EXERCISE BRIEF »
Exact copy, no pictures: return all the data below as written.

------------------------------------------------

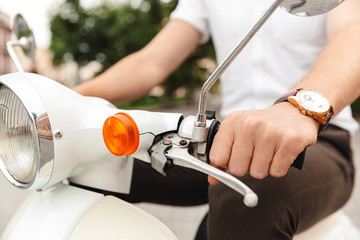 Cropped image of Young business man riding on retro scooter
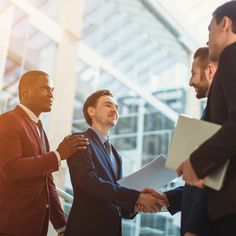 three men in suits shaking hands with each other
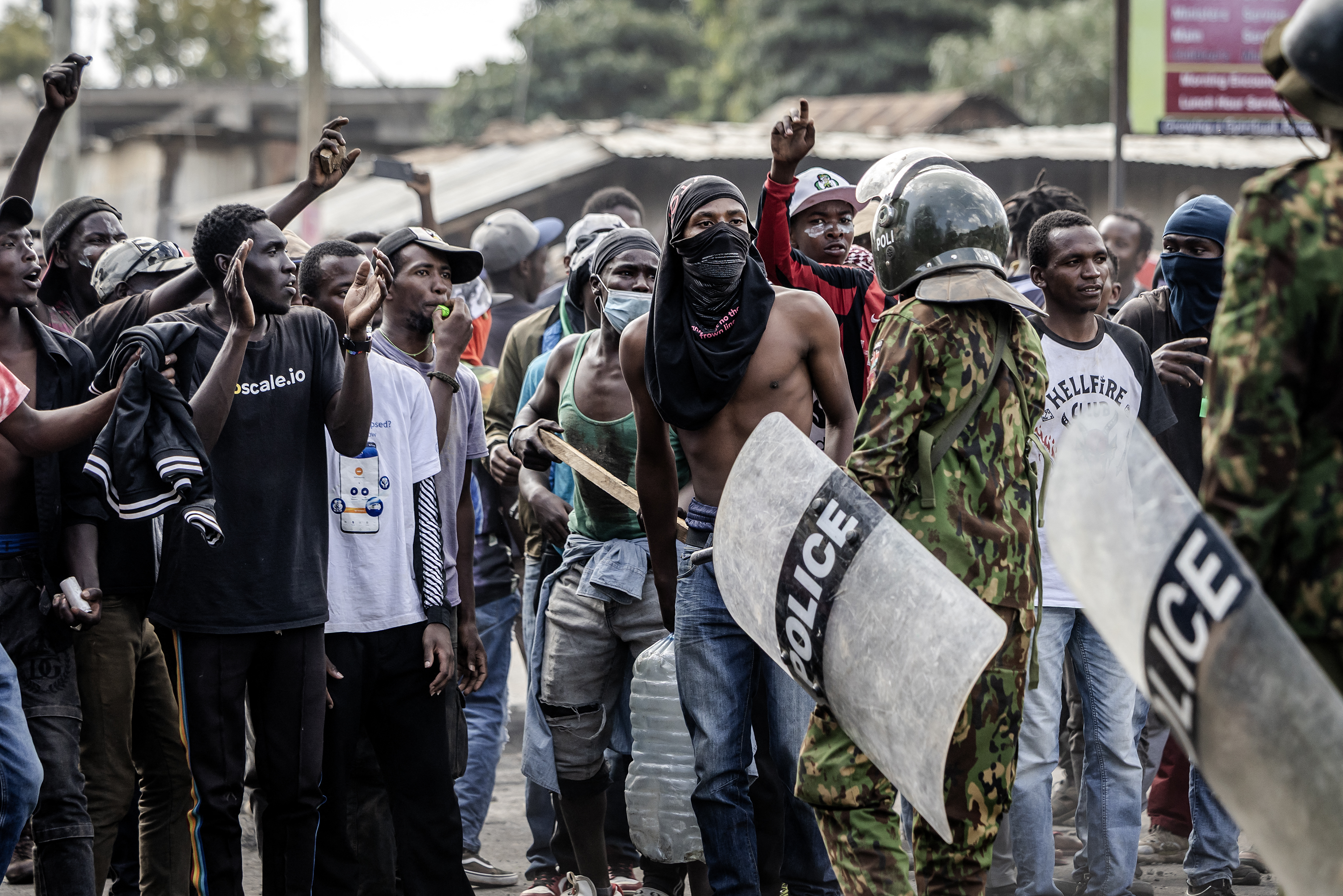 Demonstrators confront Kenyan police during the protest against the US Ebola quarantine centre in Nanyuki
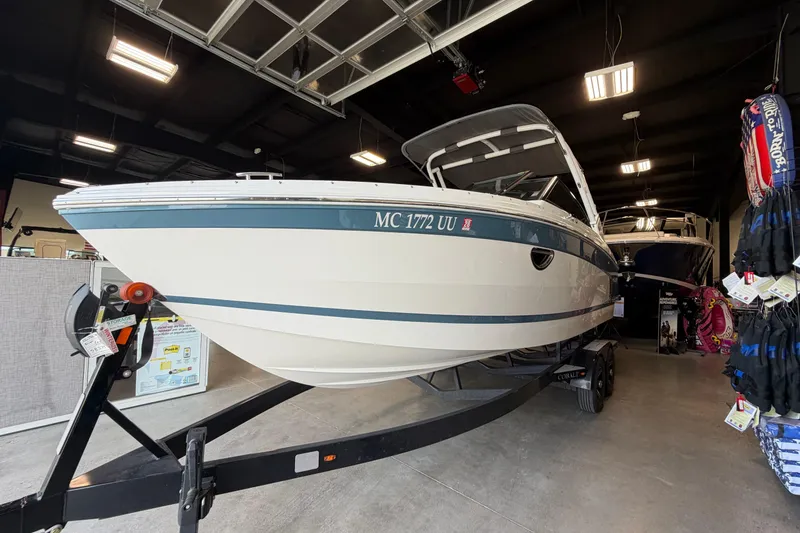 Slide: The Image of 2022 Cobalt R6 Surf boat displayed indoors on a trailer. - 3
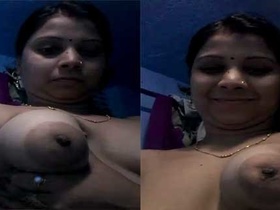Bhabhi's smiling face as she flaunts her breasts and vulva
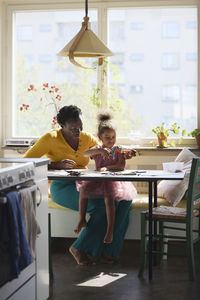 Mother and daughter sitting together at table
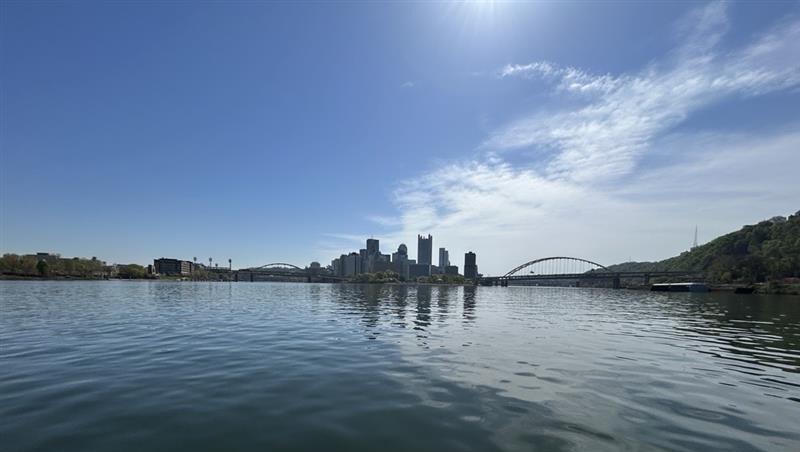 Pittsburgh Skyline during big river sampling (ALCOSAN), with blue skies and buildings in center of image. 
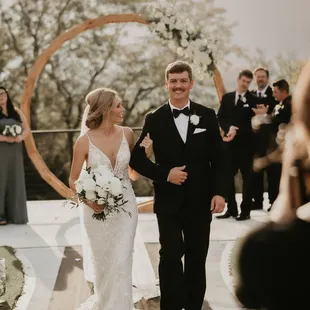 Couple shown in front of our circle arbor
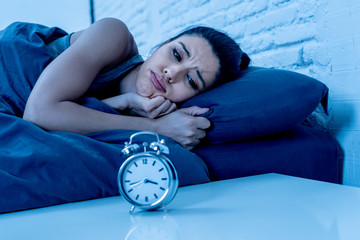 pretty latin woman can't sleep in insomnia concept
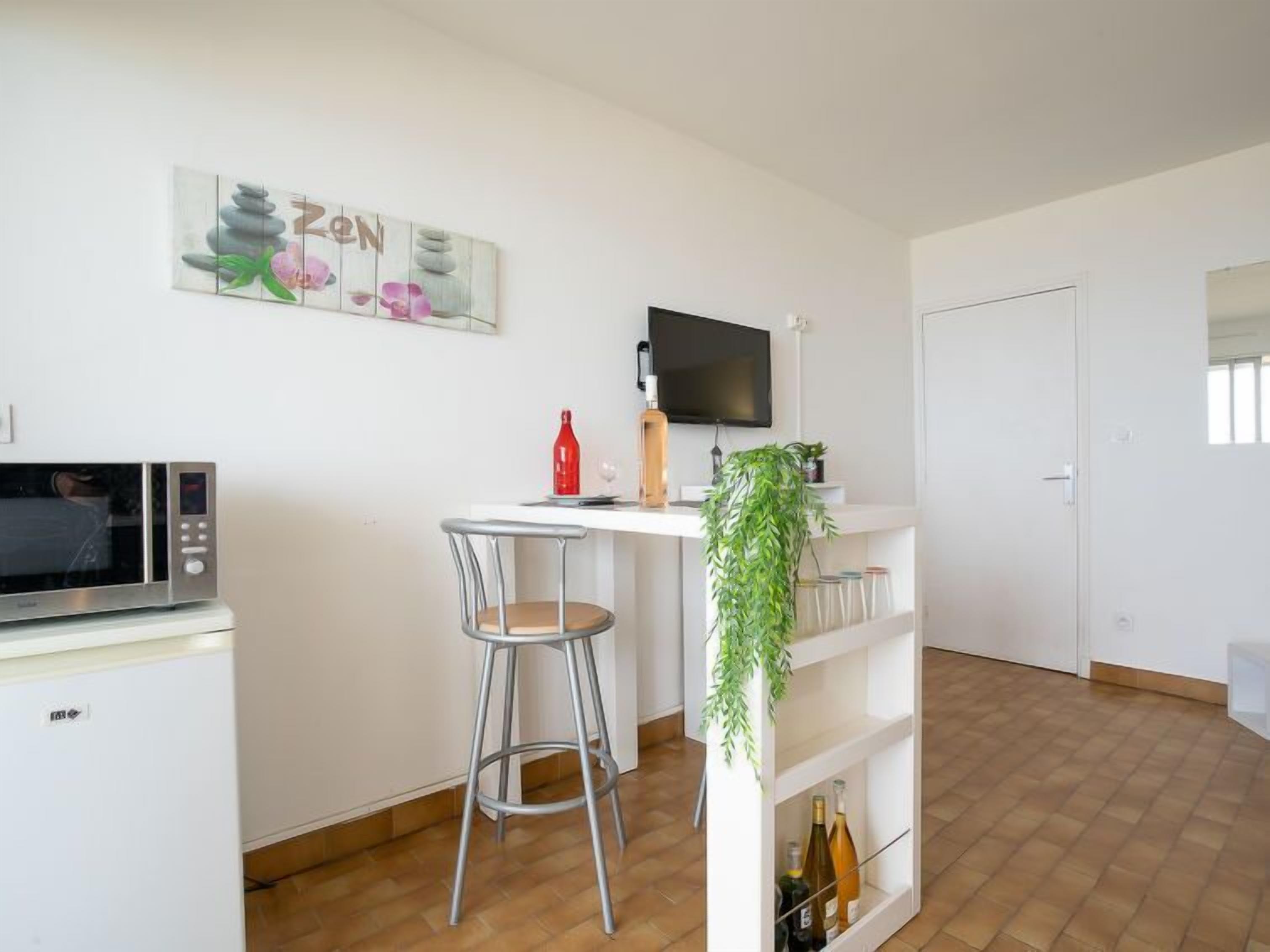 A modern kitchen with a microwave, a small refrigerator, a dining area with a chair, a table, and a TV mounted on the wall.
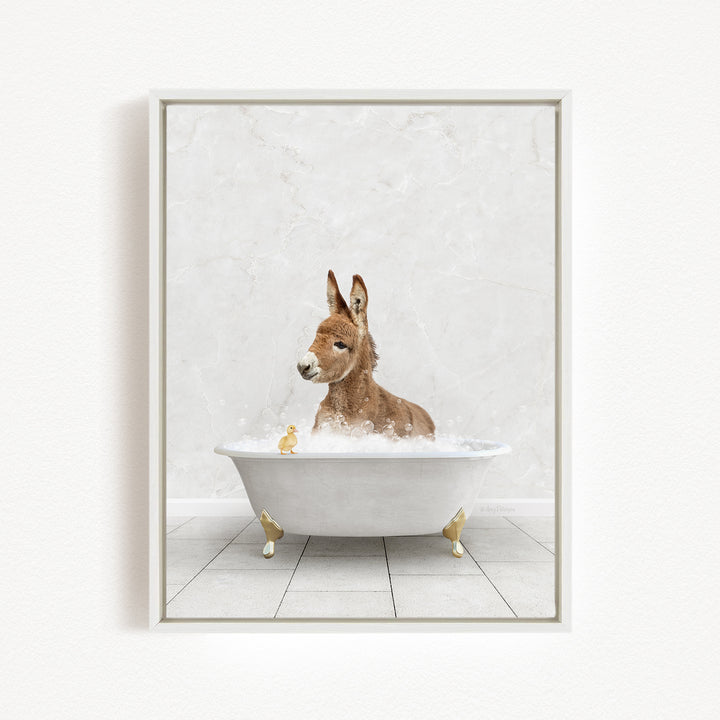 A donkey is sitting in a white bathtub filled with bubbles, surrounded by small yellow ducks.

------------------------------------------------

TASK RESPONSE »
 Cropped image of Young business man riding on retro scooter
 three men in suits shaking hands with each other
 Demonstrators confront Kenyan police during the protest against the US Ebola quarantine centre in Nanyuki
 Slide: The Image of 2022 Cobalt R6 Surf boat displayed indoors on a trailer. - 3
Bhabhi's smiling face as she flaunts her breasts and vulva
 Mother and daughter sitting together at table
 Pittsburgh Skyline during big river sampling (ALCOSAN), with blue skies and buildings in center of image. 
 Couple shown in front of our circle arbor
 pretty latin woman can't sleep in insomnia concept
 A modern kitchen with a microwave, a small refrigerator, a dining area with a chair, a table, and a TV mounted on the wall.
 A donkey is sitting in a white bathtub filled with bubbles, surrounded by small yellow ducks.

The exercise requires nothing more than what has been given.